Ahuwhenua Trophy finalist Anahera Hale gives Alex Lond an insight into her past, present and future ambitions as a dairy farmer.

An introvert at heart, the last thing Anahera Hale saw herself doing was entering into the prestigious Ahuwhenua Young Maori Farmer competition. But she now knows the competition is entrenched in her whakapapa, after finding out her great, great grandfather won the Ahuwhenua Trophy in 1936. An extraordinary discovery that made Ana emotional talking about even now, she never knew a family member of hers had achieved something like this.

“I went from knowing very little about the trophy and its significance, to researching the history after entering and discovering that my great great grandfather was one of the first winners back in the 1930’s.”

After a few bad years of feeling lost and struggling to cope after the death of her grandfather, this discovery gave her confidence that she was on the right path, following in her family’s footsteps and felt even more pride in being a finalist. After Anahera went ahead with a last-minute entry, she had only two days to prepare her application and then two more before the judge’s visit. She was feeling extremely nervous and out of place in the lead up, but always felt the support of her whanau with her.

“I always felt I just wanted to be authentically me and allow them to judge me based on that.”

Growing up in Edgecumbe with a family history working with horses and dry stock, Anahera knew no matter what, she wanted a job working outside and with animals. Her family had no connections in dairy farming, it was just by chance this profession presented itself to her.

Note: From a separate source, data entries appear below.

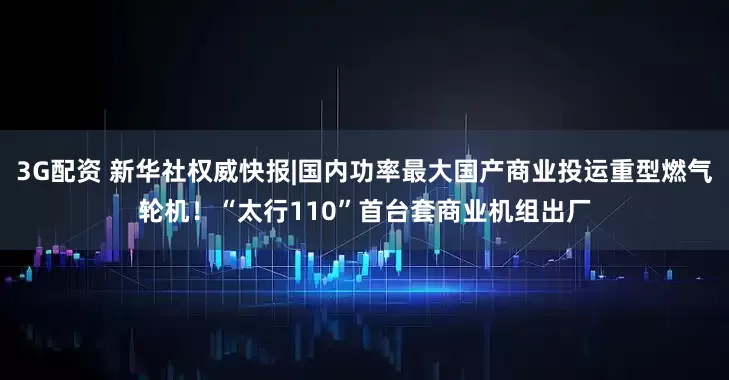 3G配资 新华社权威快报|国内功率最大国产商业投运重型燃气轮机！“太行110”首台套商业机组出厂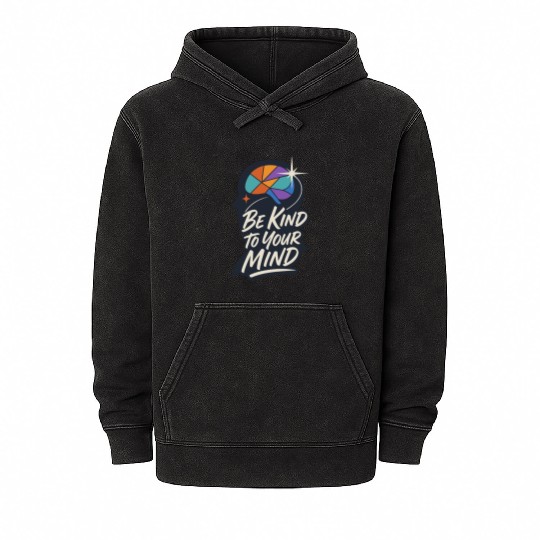 Be Kind To Your Mind │ Mental Health Awareness  Mineral Wash Hoodies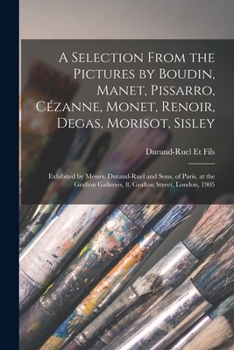 Paperback A Selection From the Pictures by Boudin, Manet, Pissarro, Cézanne, Monet, Renoir, Degas, Morisot, Sisley: Exhibited by Messrs. Durand-Ruel and Sons, o Book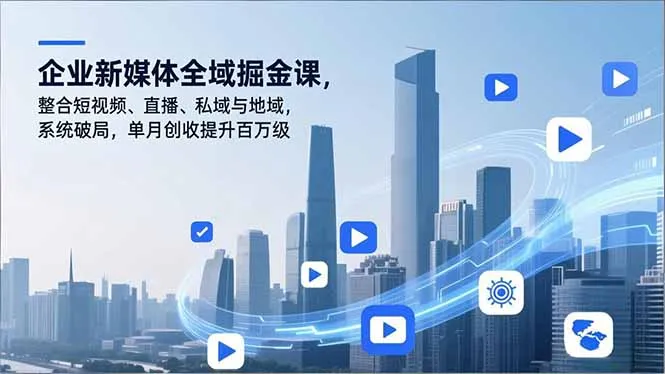 企业新媒体全域掘金课，整合短视频、直播、私域与地域，系统破局，单月创收提升百万级-续财库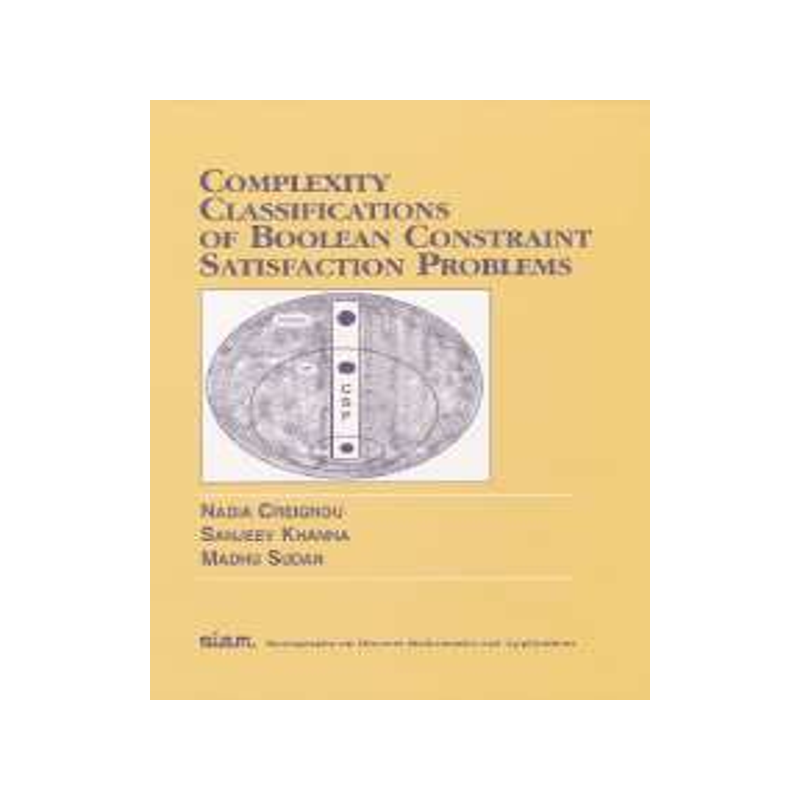 预订 Complexity Classifications of Boolean Constraint Satisfaction Problems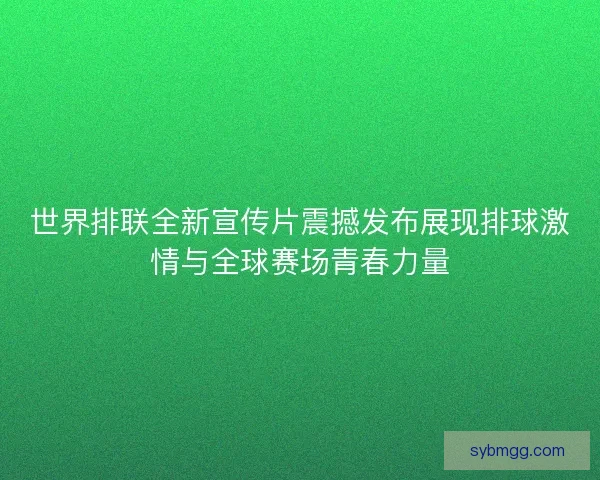 世界排联全新宣传片震撼发布展现排球激情与全球赛场青春力量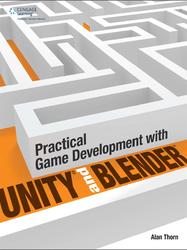 Practical Game Development with Unity and Blender, Thorn A., 2015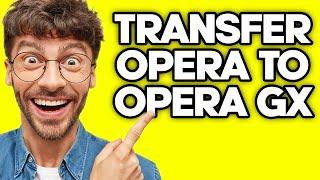 How To Transfer Opera To Opera GX (2023)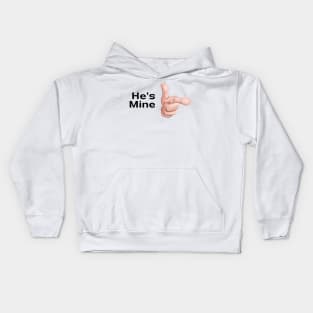 He's Mine Kids Hoodie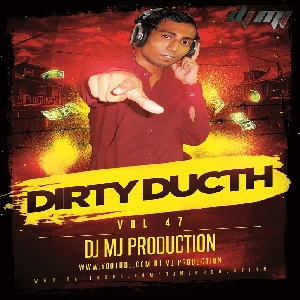 Dirty Dutch Vol.47 - Dj Mj Production
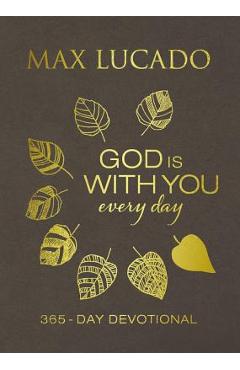 God Is with You Every Day - Max Lucado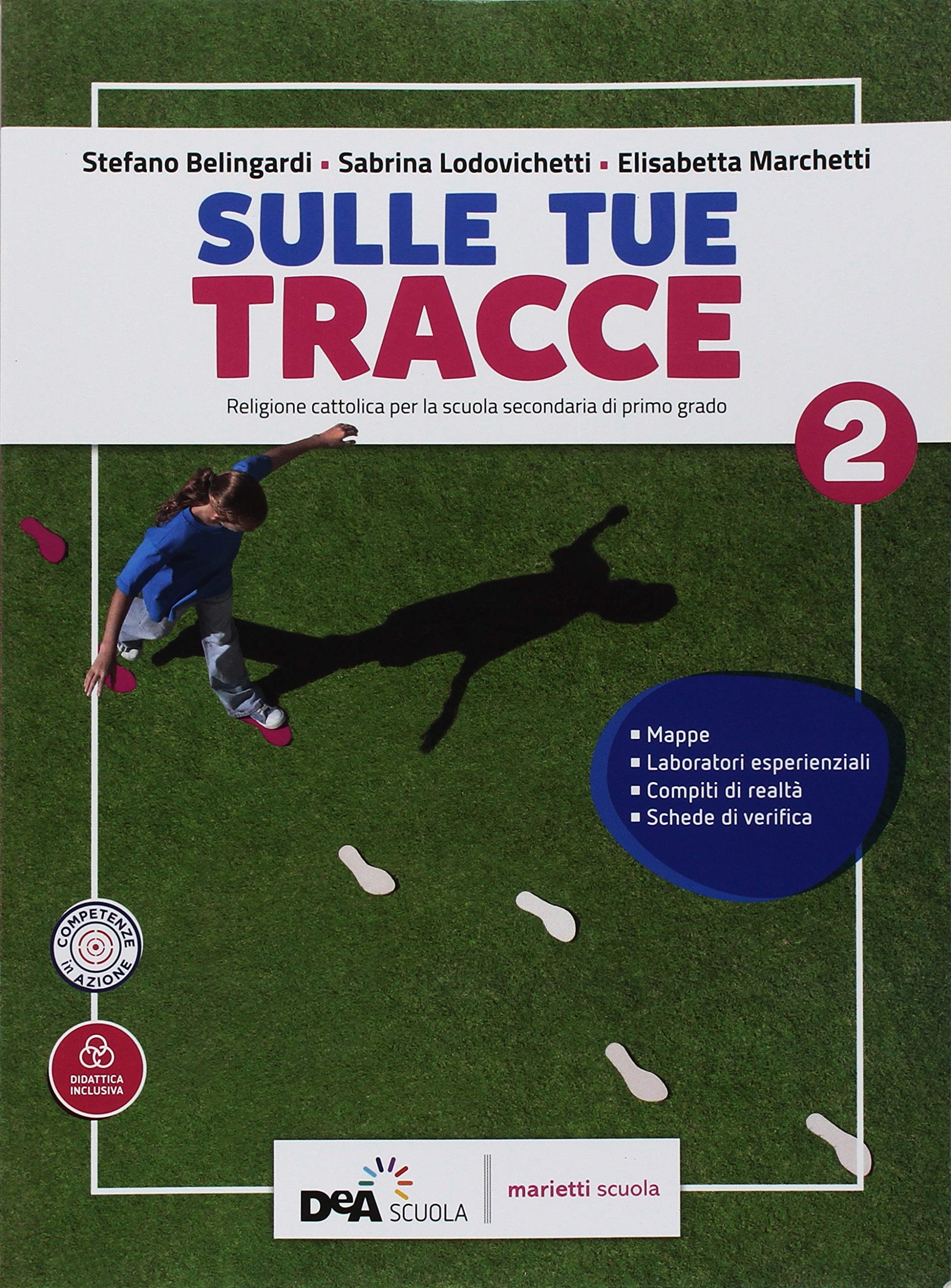 Sulle Tue tracce. Per la Scuola media. Con ebook. Con espansione online (Vol. 2) Professional & Reference Books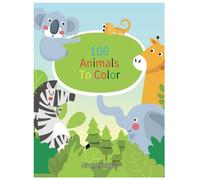 100 Animals for Toddler Coloring Book: Book of Easy Educational Coloring Pages of Animals for Boys & Girls, Little Kids, Preschool and Kindergarten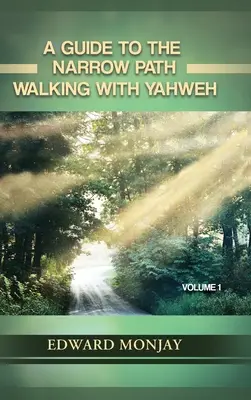Guida al sentiero stretto (volume I) - A Guide to Narrow Path (Volume I)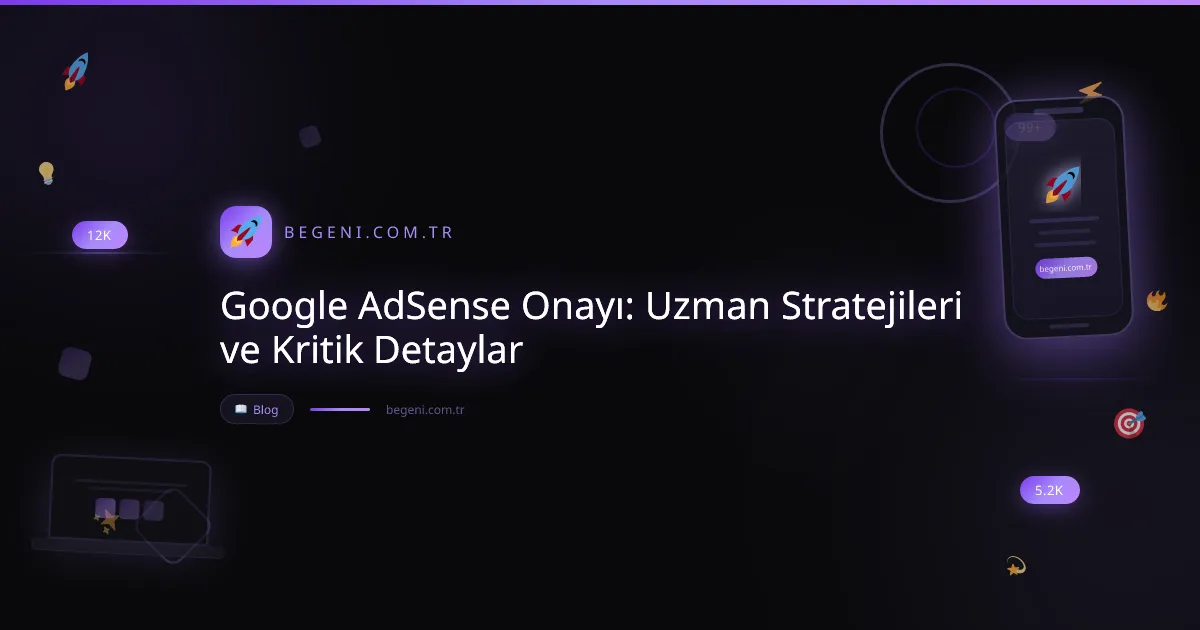 Google AdSense Onayı: Uzman Stratejileri ve Kritik Detaylar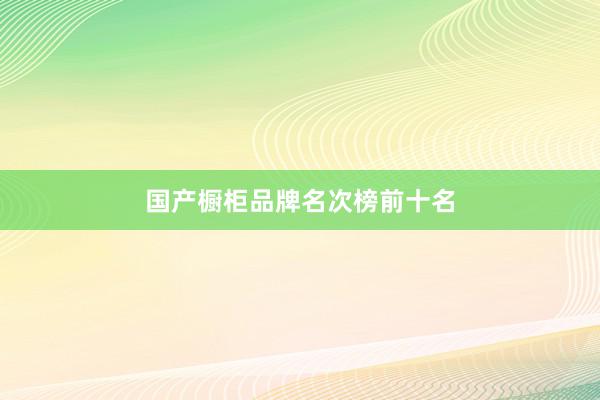 国产橱柜品牌名次榜前十名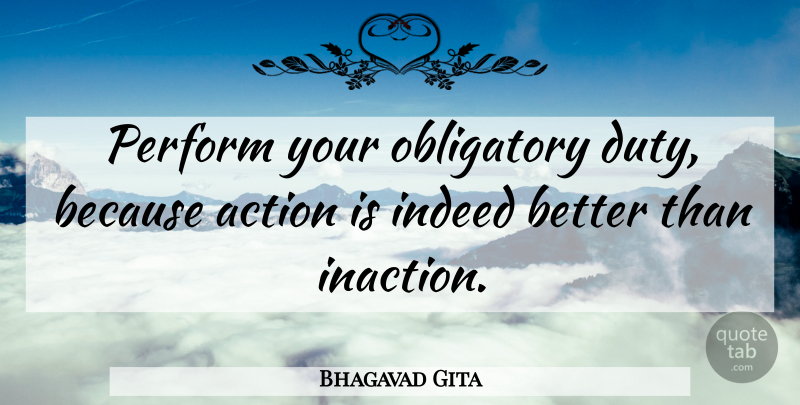 Bhagavad Gita Quote About Action, Indeed, Obligatory, Perform: Perform Your Obligatory Duty Because...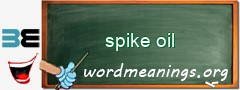 WordMeaning blackboard for spike oil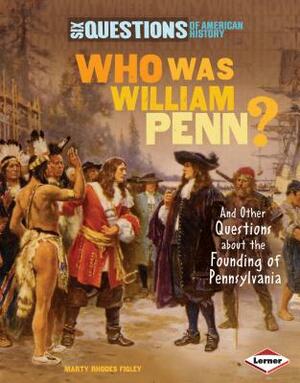 Who Was William Penn?: And Other Questions about the Founding of Pennsylvania by Marty Rhodes Figley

After the Edgecumbe   floods destroyed her home, Ana and her nan moved into a cottage on a friend’s dairy farm in Whakatane.

It was while living here temporarily her interest in dairy farming developed as she sat at home watching the farmer go past each day to milk his cows and complete day to day jobs. In a happy twist of fate, this is the same farm that Anahera has just started working on as a farm assistant this season, after the farm she last worked on was sold and the sharemilkers moved on from dairy.

“It’s really quite amazing actually, that this is the farm that inspired me to start my dairy journey back in 2017, and now four years later I’m back to repay the favour”.

After completing a course in Agriculture at Toi Ohomai, the Institute of Technology, in the Bay of Plenty, at the start of 2019 Anahera started working as 2IC farm assistant for Rod and Jacquie McPherson, on their 340-cow dairy farm just outside Whakatane.

Anahera had an excellent relationship with her bosses and loved the opportunities presented to her through the job.

`Farming is a lifestyle

“It’s never been about the money or the time off for me,” Anahera explained. 

“Farming is a lifestyle and there are so many skills that can be learned and improved on. I love that I am continuously developing my skill set and building a better future for myself.”

Anahera’s time on her first farm was limited as the farm was sold at the end of the 2020/21 dairy season, but after being one of three finalists in the running for the Ahuwhenua trophy, she had no problem finding a new job in the area.

“After the trophy, people would recognise me everywhere; they would want to shake my hand, congratulate me and ask me what my plans were next season. Before the awards I was not very confident with new people or in big crowds, but now I enjoy telling people about my experience, and found it amazing meeting so many like minded farmers who shared my passion from all different areas.”

With more courage and understanding of the industry, Anahera is confident she will stick with dairy for a while longer, despite earlier reservations and thoughts that she wanted to change to dry stock. Although this is still on the cards,  she recognises how valuable dairy farming skills are in all lines of agricultural work and wants to build on these skills before considering a different career path.

Anahera is now farm assistant on a similar sized farm to her last job, still in the Edgecumbe area, and is enjoying the slower pace of life with all cows wintered off during the dry period. Very much aware it is the calm before the storm, she sees it as an opportunity to learn more about the farm she lived on for that short period of time in 2017. Despite enjoying the course that got her into dairy farming, she now wants to enjoy the physical benefits of being out onfarm every day.

“What you learn in the book isn’t the same as what you learn in the paddock,” she said.

“You can know the theory behind everything, but if you can’t physically get out there and get the job done then what’s the point?.”

 Next steps

Entering the awards showed her that people from all walks of life are still in with a chance of doing great things if they put their mind to it. It has helped her grow confidence in herself and in her own abilities as a farmer. Although, other people have always believed in her and supported her journey, in particular her nan; in return, family has always been the most important thing in her life, she said.

“My hobby is my family, I spend all the time I can with them.”

With their continuous support, Anahera is looking to the future with big plans for her dairy farming career.

“My next step is to complete an artificial insemination (AI) course this year, as this was already on my mind before the awards, and now I feel like I have the courage and confidence to go out to other people’s farms.”

Acknowledging that communication with farmers is an extremely important part of an AI tech’s job, she said she was first motivated by her own AI tech after chatting to him every morning.

“They’re just so passionate about their role, not just in getting the cows in calf but also chatting with the farmer. Sometimes, an AI tech is the only person a farmer will see all day during mating, and I want to make a positive impact on people after so many others have helped me get to this point and have these opportunities.”